Enlightening Social Attitudes

The Blind Australian of the Year Awards is a national awards campaign designed to increase social inclusion by highlighting the contribution of people living with blindness or low sight in our vision centric society, and the pathways that make this possible.

The stories of our award recipient and finalists provide essential encouragement and inspiration to others living with blindness and low sight, and other disabilities.

Crucially, their stories break through broadly held stereotypes of blindness and disability.

They highlight to the community at large, the scope and capacity for achievement that our fellow Australians living with blindness possess.

Our media, social media and educational activities provide examples of people with disability powerfully contributing in a range of social settings as well as examples inclusive practices. The Blind Australian of the Year Awards Gala is a unique event providing opportunities for robust conversation, connection and participation in inclusive activities by people living with blindness and those that are sighted, that are not normally a part of a formal event! We hope to see you there!

Informing Social Policies

The stories of excellence derived from the nominations provide an important national insight into the matters that are valued by those living with blindness and low vision, their family, carers, friends, and community contacts.

The Blind Australian of the Year Awards are a compelling national platform for change and advancement of the issues identified through our awards and scholarship programs.
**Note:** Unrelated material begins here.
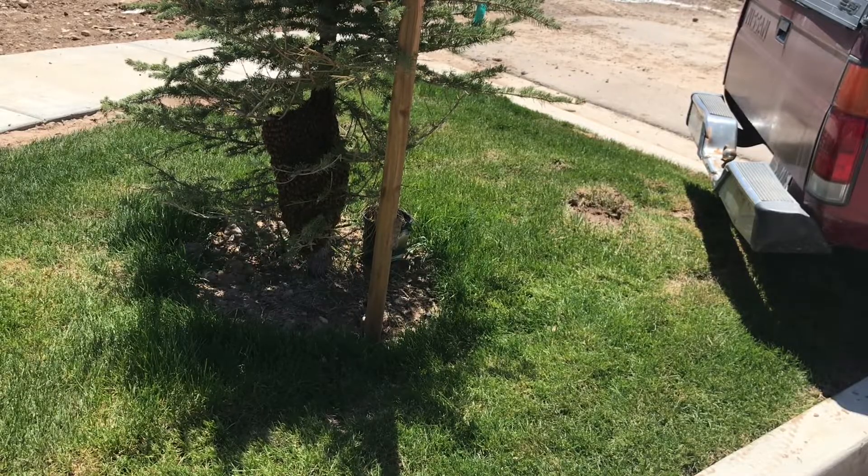I'm right in the middle of doing this beelining box build and I got the call — there's a swarm of bees. It's about an hour's drive and it's been there since last night, so it's still there. I think I'm gonna try it.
In addition to this archive of information, our Blind Australian Award recipients, due to their national profile, are able to inform and influence decision makers and leaders to create more inclusive social policies and practice.

Research Tool

The information reflected in the nominations provides critical data for researchers to reflect and report on the evolving relationships of those living with blindness and low vision within communities throughout Australia. It will remain a valuable annual and a definitive social commentary on the needs, activities, and aspirations of those living with blindness and low vision in our society.